Внутри красных увенчанных башенками стен было достаточно многолюдно. Хоть в ЦК у нас всего пара сотен человек, это все же не полноценная партийная конференция, однако если добавить к членам и кандидатам в ЦК еще всяких помощников, «адъютантов и ординарцев», выходит немаленькая такая толпа.
(Кремлевский дворец съездов)
— Ну что, все готово? — Вместо приветствия я поинтересовался у встречающего меня на входе Лигачева. Егор Кузьмич у нас, собственно, и отвечал за общение с «вторым властным» эшелоном Союза, договаривался, подбирал кадры и, если быть совсем честным, именно его активности на этом уровне я был обязан своим избранием на пост генсека. Сейчас важно было не терять темп, продолжать наступление и закреплять успех на всех фронтах.
— Все кандидатуры согласованы, голосование должно пройти без осложнений, — глаза соратника по Политбюро задорно блестели, а он сам напоминал матерого уличного кота перед дракой: уши прижаты, шерсть дыбом, спина выгнута, того и гляди начнет полосовать когтями направо и налево. Чьи-то карьеры этой драки могут и не пережить…

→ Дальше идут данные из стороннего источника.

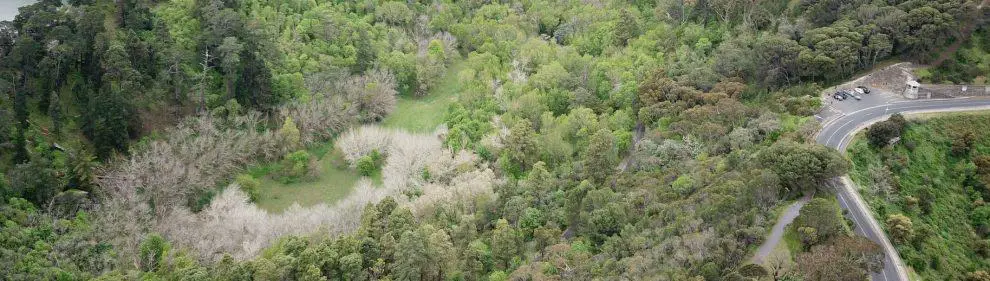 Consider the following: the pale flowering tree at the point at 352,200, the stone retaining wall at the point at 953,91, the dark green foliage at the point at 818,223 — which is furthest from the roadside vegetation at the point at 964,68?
the pale flowering tree at the point at 352,200

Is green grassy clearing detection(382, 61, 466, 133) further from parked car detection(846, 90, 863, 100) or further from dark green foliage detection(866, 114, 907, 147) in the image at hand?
dark green foliage detection(866, 114, 907, 147)

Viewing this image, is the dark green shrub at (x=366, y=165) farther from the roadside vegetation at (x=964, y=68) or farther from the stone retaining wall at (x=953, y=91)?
the roadside vegetation at (x=964, y=68)

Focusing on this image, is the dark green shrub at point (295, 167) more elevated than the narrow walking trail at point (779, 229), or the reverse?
the narrow walking trail at point (779, 229)

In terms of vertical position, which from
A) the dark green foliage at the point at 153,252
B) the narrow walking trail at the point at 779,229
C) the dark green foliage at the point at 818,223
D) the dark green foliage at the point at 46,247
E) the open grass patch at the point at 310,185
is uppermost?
the dark green foliage at the point at 818,223

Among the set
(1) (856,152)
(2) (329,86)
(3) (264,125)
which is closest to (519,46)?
(2) (329,86)

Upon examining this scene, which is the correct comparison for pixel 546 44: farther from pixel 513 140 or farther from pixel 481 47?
pixel 513 140

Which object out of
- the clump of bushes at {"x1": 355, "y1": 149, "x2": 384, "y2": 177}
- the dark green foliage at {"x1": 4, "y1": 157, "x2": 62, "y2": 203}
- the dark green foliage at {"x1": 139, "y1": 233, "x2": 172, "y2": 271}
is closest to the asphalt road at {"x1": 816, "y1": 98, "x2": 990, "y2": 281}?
the clump of bushes at {"x1": 355, "y1": 149, "x2": 384, "y2": 177}

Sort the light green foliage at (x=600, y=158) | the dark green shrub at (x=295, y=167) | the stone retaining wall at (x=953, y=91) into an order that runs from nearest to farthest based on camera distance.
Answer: the light green foliage at (x=600, y=158) < the stone retaining wall at (x=953, y=91) < the dark green shrub at (x=295, y=167) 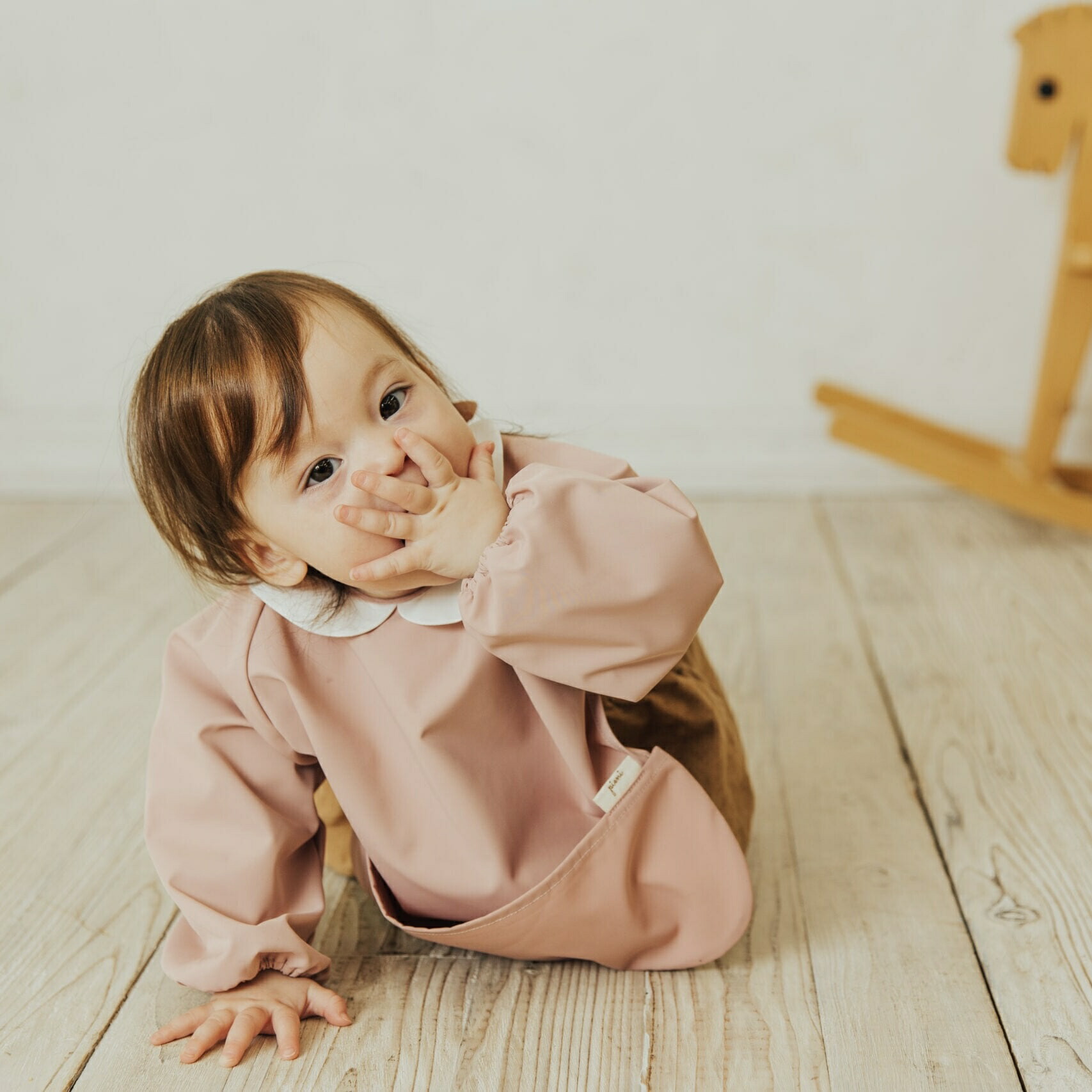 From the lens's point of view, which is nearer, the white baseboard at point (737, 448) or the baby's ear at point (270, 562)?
the baby's ear at point (270, 562)

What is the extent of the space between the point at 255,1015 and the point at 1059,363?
1.21 m

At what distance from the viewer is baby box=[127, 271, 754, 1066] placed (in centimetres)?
A: 68

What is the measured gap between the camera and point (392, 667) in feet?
2.43

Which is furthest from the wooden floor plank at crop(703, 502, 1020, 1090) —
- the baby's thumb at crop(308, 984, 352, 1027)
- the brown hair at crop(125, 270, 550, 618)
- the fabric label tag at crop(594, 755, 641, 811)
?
the brown hair at crop(125, 270, 550, 618)

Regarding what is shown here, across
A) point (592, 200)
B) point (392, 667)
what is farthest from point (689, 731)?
point (592, 200)

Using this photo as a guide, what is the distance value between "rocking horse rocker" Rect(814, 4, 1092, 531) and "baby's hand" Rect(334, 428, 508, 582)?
97 cm

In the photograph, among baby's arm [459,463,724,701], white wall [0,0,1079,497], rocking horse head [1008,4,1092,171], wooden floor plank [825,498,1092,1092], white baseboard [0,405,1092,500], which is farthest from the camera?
white baseboard [0,405,1092,500]

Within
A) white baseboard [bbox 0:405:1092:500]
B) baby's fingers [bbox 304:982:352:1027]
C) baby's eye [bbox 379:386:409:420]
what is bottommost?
white baseboard [bbox 0:405:1092:500]

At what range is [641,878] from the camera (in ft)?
2.50

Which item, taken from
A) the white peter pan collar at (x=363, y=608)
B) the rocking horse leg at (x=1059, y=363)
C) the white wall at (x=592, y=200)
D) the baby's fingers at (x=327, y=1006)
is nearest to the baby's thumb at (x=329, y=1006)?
the baby's fingers at (x=327, y=1006)

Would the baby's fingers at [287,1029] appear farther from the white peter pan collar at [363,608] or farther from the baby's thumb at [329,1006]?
the white peter pan collar at [363,608]

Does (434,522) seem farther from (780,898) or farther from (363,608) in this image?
(780,898)

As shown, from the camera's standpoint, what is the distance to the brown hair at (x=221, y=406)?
0.68 m

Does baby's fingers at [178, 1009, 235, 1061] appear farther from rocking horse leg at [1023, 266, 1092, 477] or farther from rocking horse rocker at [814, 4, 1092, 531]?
rocking horse leg at [1023, 266, 1092, 477] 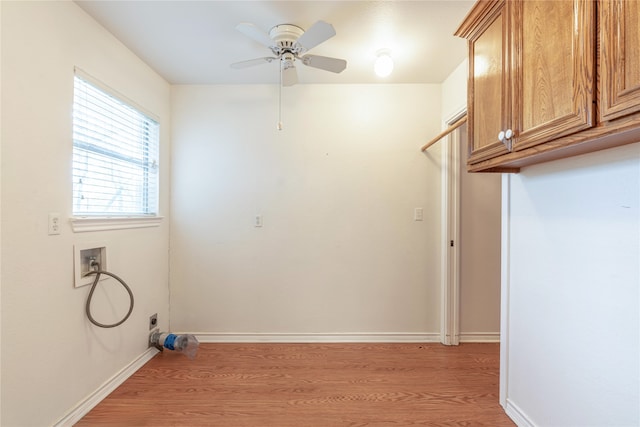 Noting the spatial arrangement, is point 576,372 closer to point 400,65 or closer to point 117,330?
point 400,65

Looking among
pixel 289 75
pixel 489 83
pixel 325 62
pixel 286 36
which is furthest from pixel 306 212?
pixel 489 83

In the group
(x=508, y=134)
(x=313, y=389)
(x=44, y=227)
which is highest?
(x=508, y=134)

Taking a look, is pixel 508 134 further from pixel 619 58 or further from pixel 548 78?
pixel 619 58

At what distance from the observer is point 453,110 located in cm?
236

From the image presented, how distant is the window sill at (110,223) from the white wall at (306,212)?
1.06 feet

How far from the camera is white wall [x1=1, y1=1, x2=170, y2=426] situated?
1285 mm

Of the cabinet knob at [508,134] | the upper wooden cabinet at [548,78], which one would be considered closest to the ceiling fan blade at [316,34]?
the upper wooden cabinet at [548,78]

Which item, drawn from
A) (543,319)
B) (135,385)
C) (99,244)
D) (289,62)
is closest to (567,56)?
(543,319)

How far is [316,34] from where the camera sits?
1560 millimetres

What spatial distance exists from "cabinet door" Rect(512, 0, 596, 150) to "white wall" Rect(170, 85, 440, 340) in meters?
1.41

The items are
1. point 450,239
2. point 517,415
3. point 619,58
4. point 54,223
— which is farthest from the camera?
point 450,239

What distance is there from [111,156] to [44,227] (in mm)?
706

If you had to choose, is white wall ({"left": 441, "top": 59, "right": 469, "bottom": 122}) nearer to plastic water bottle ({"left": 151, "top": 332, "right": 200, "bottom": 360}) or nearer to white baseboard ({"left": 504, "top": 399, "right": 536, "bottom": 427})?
white baseboard ({"left": 504, "top": 399, "right": 536, "bottom": 427})

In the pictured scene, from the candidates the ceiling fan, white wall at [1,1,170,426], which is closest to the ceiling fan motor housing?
the ceiling fan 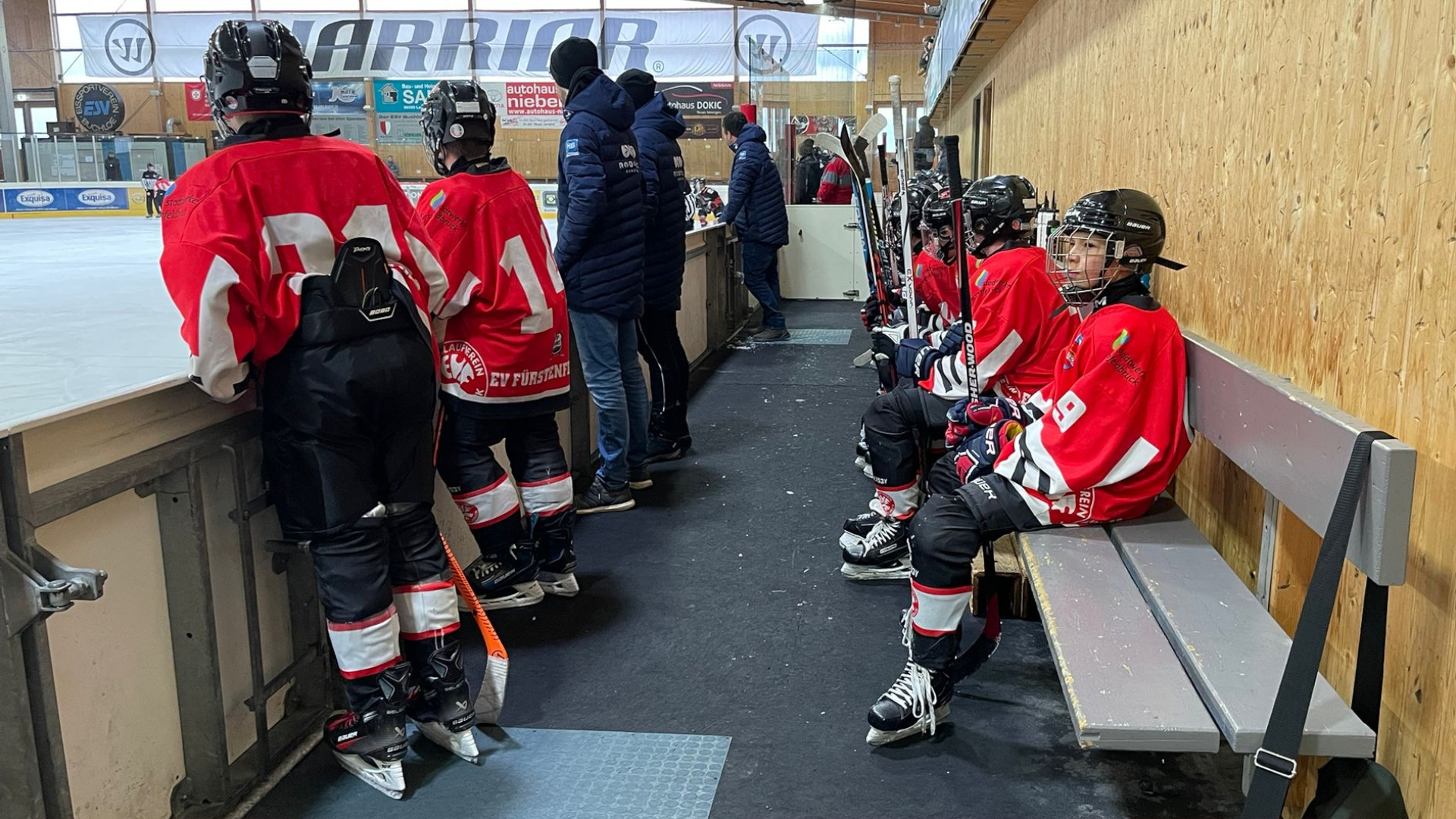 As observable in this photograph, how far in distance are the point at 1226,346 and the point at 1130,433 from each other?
0.35 meters

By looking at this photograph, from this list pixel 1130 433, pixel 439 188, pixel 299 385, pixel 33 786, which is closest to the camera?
pixel 33 786

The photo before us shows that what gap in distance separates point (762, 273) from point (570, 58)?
14.5 ft

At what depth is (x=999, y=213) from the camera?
3.27m

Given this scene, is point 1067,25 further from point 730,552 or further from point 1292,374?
point 1292,374

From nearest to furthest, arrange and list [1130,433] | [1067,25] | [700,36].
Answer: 1. [1130,433]
2. [1067,25]
3. [700,36]

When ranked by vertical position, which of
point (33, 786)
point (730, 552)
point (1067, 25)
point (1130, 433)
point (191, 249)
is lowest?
point (730, 552)

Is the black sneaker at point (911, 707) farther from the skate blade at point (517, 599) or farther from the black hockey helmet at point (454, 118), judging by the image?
the black hockey helmet at point (454, 118)

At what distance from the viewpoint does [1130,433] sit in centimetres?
231

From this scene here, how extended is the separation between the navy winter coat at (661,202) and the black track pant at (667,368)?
0.31ft

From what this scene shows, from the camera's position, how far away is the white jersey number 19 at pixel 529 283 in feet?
9.61

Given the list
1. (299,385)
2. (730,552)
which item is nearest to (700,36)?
(730,552)

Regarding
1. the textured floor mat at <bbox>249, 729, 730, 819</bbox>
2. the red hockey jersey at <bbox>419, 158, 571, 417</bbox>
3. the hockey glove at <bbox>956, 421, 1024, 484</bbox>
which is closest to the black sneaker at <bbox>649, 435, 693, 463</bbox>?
the red hockey jersey at <bbox>419, 158, 571, 417</bbox>

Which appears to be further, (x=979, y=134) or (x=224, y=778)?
(x=979, y=134)

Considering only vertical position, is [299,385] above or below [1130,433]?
above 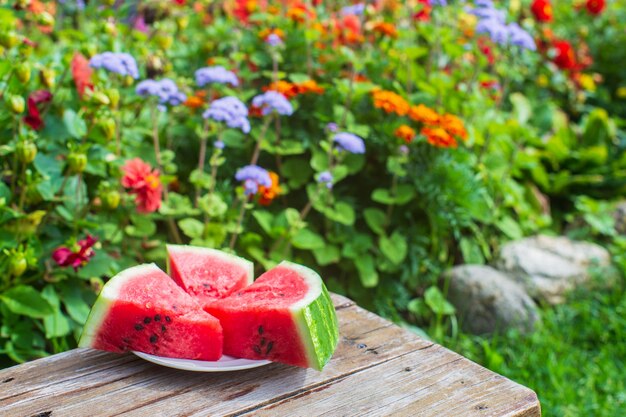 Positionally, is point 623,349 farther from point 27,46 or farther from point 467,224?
point 27,46

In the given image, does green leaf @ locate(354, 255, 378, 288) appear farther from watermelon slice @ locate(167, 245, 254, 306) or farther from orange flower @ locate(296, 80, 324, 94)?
watermelon slice @ locate(167, 245, 254, 306)

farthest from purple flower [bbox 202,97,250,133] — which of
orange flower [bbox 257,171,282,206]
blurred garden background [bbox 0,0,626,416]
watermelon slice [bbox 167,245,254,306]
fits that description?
watermelon slice [bbox 167,245,254,306]

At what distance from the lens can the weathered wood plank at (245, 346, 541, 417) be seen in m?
1.59

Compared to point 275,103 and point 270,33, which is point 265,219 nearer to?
point 275,103

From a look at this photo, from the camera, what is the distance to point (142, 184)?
2.71m

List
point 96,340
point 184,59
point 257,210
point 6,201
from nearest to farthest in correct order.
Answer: point 96,340
point 6,201
point 257,210
point 184,59

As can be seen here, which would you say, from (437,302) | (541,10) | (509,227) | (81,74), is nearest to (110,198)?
(81,74)

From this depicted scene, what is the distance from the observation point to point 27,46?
8.64 ft

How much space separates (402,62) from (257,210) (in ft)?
4.29

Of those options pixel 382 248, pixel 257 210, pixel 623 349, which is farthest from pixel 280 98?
pixel 623 349

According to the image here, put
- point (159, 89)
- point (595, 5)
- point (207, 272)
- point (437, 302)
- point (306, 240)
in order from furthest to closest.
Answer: point (595, 5) → point (437, 302) → point (306, 240) → point (159, 89) → point (207, 272)

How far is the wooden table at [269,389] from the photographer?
1.56 m

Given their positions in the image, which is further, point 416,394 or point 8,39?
point 8,39

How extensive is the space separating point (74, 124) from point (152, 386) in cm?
137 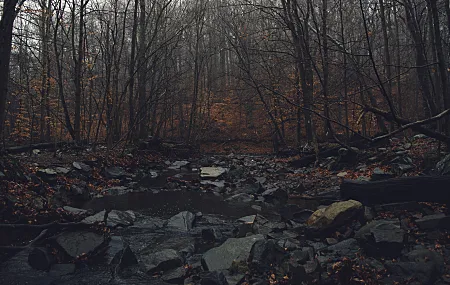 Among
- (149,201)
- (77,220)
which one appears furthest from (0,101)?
(149,201)

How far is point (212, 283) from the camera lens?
11.8 feet

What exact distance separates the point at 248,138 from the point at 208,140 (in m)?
3.31

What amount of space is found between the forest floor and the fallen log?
0.12 metres

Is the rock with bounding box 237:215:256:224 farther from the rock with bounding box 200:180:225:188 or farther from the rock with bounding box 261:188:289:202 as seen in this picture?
the rock with bounding box 200:180:225:188

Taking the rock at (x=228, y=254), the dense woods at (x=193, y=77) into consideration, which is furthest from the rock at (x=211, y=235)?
the dense woods at (x=193, y=77)

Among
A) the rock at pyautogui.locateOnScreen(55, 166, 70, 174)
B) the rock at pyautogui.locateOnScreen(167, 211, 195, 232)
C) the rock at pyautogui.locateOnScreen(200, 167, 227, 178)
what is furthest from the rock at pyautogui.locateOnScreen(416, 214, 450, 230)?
the rock at pyautogui.locateOnScreen(55, 166, 70, 174)

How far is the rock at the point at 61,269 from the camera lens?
159 inches

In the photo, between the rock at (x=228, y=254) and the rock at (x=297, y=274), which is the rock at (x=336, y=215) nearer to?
the rock at (x=228, y=254)

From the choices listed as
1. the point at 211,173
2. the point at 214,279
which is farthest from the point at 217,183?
the point at 214,279

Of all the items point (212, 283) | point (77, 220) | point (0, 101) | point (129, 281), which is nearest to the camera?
point (212, 283)

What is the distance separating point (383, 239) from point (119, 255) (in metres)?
3.68

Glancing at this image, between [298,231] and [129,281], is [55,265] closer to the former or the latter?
[129,281]

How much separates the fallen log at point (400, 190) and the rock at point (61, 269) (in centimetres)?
482

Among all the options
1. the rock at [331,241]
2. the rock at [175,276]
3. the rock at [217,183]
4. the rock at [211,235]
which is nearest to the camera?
the rock at [175,276]
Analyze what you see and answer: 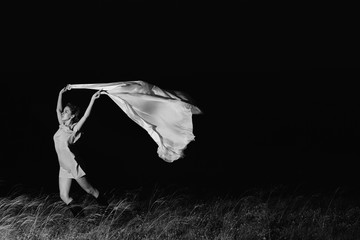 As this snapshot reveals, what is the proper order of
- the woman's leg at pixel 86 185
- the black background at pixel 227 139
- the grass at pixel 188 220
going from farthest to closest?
the black background at pixel 227 139 → the woman's leg at pixel 86 185 → the grass at pixel 188 220

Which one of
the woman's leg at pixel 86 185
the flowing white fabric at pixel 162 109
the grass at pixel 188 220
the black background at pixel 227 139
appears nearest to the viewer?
the grass at pixel 188 220

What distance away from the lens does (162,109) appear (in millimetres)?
9867

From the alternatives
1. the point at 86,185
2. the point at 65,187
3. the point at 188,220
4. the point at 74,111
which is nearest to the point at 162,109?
the point at 74,111

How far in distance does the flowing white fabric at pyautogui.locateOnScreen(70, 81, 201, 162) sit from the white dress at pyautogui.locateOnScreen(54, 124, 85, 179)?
83 centimetres

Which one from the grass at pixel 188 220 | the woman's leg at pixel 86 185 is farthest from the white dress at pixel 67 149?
the grass at pixel 188 220

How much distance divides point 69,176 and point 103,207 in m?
0.84

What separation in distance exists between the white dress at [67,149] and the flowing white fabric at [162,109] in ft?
2.72

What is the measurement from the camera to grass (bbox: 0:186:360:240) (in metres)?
9.23

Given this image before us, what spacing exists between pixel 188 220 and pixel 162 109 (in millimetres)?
1856

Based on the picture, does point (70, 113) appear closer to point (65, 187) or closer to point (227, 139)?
point (65, 187)

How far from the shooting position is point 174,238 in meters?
9.16

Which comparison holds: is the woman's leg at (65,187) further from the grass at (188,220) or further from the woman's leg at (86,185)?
the grass at (188,220)

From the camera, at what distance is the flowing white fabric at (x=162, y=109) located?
9.71 m

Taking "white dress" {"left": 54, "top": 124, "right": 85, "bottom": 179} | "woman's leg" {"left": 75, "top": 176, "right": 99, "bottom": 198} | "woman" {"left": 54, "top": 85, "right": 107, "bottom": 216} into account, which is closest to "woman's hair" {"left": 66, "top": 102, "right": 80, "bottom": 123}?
"woman" {"left": 54, "top": 85, "right": 107, "bottom": 216} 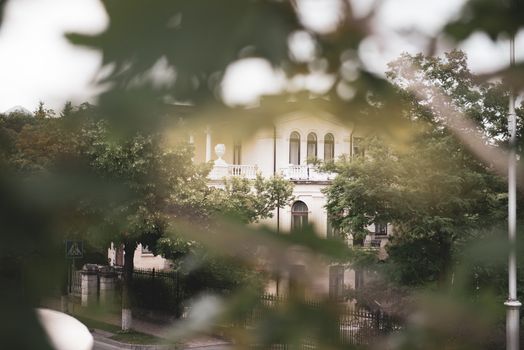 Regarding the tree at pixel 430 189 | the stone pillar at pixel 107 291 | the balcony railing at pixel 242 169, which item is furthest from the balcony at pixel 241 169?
the tree at pixel 430 189

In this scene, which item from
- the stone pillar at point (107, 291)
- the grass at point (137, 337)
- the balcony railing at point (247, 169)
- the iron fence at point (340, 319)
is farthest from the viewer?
the grass at point (137, 337)

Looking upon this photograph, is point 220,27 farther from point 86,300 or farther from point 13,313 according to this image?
point 86,300

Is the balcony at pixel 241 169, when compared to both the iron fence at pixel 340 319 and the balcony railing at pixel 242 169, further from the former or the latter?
the iron fence at pixel 340 319

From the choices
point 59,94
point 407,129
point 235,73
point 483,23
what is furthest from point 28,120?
point 483,23

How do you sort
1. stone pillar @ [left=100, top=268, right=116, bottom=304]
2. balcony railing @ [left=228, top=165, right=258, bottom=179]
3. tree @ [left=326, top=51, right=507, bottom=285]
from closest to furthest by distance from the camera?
stone pillar @ [left=100, top=268, right=116, bottom=304]
balcony railing @ [left=228, top=165, right=258, bottom=179]
tree @ [left=326, top=51, right=507, bottom=285]

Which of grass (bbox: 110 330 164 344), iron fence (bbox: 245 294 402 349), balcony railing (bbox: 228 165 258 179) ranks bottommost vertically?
grass (bbox: 110 330 164 344)

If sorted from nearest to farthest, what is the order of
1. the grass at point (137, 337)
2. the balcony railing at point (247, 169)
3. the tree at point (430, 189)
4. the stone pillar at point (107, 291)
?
the stone pillar at point (107, 291)
the balcony railing at point (247, 169)
the grass at point (137, 337)
the tree at point (430, 189)

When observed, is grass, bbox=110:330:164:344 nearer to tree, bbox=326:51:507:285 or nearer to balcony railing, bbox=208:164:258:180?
balcony railing, bbox=208:164:258:180

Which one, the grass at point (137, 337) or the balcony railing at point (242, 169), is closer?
the balcony railing at point (242, 169)

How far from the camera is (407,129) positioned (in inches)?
32.4

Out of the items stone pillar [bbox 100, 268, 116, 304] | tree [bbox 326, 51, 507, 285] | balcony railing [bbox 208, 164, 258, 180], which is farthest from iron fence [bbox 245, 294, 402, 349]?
tree [bbox 326, 51, 507, 285]

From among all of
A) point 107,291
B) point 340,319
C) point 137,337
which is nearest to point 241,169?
point 107,291

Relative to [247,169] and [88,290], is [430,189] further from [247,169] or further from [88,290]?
[88,290]

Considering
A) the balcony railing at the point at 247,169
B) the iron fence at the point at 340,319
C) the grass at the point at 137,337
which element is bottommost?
the grass at the point at 137,337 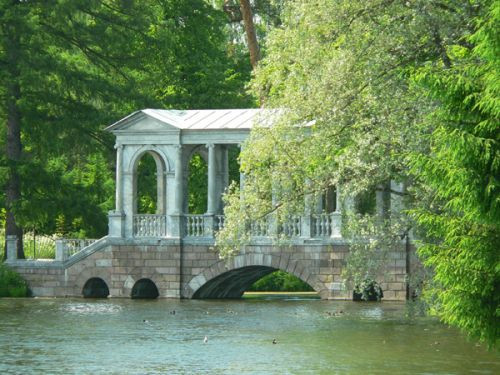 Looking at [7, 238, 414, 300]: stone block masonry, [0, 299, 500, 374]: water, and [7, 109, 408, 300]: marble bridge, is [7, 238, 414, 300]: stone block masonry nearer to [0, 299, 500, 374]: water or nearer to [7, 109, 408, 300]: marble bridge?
[7, 109, 408, 300]: marble bridge

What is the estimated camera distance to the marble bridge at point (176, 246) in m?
42.1

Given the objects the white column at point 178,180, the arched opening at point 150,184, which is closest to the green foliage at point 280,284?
the arched opening at point 150,184

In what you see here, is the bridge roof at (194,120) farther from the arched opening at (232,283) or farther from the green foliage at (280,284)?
the green foliage at (280,284)

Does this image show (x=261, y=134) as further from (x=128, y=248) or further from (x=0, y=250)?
(x=0, y=250)

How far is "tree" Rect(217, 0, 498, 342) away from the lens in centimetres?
2762

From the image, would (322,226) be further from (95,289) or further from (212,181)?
(95,289)

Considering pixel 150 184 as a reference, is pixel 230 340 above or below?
below

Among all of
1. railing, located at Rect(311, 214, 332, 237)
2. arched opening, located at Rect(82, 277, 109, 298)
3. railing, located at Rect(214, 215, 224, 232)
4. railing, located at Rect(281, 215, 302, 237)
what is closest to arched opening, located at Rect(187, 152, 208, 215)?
arched opening, located at Rect(82, 277, 109, 298)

Первый день Пленума был фактически целиком и полностью посвящен кадровым — самым важным, с какой стороны не посмотри, — вопросам. В первую очередь мы отправили на пенсию — как тут было принято говорить «по причине болезни» Тихонова и Романова. Причем если с первым все было и так понятно, ему было уже почти восемьдесят, по его кандидатуре вопросов вообще возникнуть не могло, то по Романову пришлось выдержать серьезную битву с теми самыми первыми секретарями из «русской партии», которые своей однозначной позицией фактически и подсадили меня на место генсека. Романов тоже представлял РСФСР и вроде как тоже был «свой». Пришлось пойти на некоторые уступки и провести пару нужных людей в секретари ЦК, так, например, пост секретаря ЦК получил Свердловский выдвиженец некий, пока еще малоизвестный Ельцин Борис Николаевич, но глобально все это были мелочи.
(Ельцин Б. Н.)
Главное, что вместо двух потенциально оппозиционных членов Политбюро на самый верх властной пирамиды мне удалось протащить двух «своих» людей: Чебрикова и Лигачева. Чебриков был главой КГБ и подсаживая его в Политбюро я, будем честны, расплачивался за его поддержку главного чекиста на все тех же выборах генсека. Мнения кандидатов в Политбюро при голосовании значили немного, но вот именно голос председателя самой главной спецслужбы — очень даже. При этом, положа руку на сердце, полностью доверять чекисту я не мог, и в разведку, предложи мне кто-то такое приключение, с ним бы пойти отказался. А еще напрягало то, что я не знал, за что Горби в моей реальности снял его с должности в конце 1988 года, впрочем, этот тоже был слабый аргумент реципиент тогда уже очевидно сорвался с нарезов и пошел во все тяжкие, так что возможно там наоборот Виктор Михайлович проявил принципиальность и поплатился за это креслом.
С Лигачевым все было сложнее и проще одновременно. Голоса на избрания Лигачева были с избытком, он был «свой» отвечал за кадры и со всеми в ЦК был на короткой ноге, вот только не было еще ни разу такого, чтобы из секретарей сразу в Политбюро прыгали, минуя кандидатскую ступень. Вот так ломать устоявшиеся институты не хотелось, однако Егор Кузьмич мне слишком нужен был в Политбюро, так что и тут пришлось надавить.
Остальное было уже не так интересно. Рыжков получил кандидата, маршала Соколова, которого я собирался менять — вся ситуация с действиями советской армии в Афгане меня очень сильно напрягала, да и в принципе вооруженные силы я планировал «резать» — наоборот с кандидатством прокатили. Глобально, насколько я понимаю результаты перестановок мало чем отличались от реальности, разве что тут я несколько форсировал события, оставлять на местах открытых политических противников виделось делом не слишком разумным.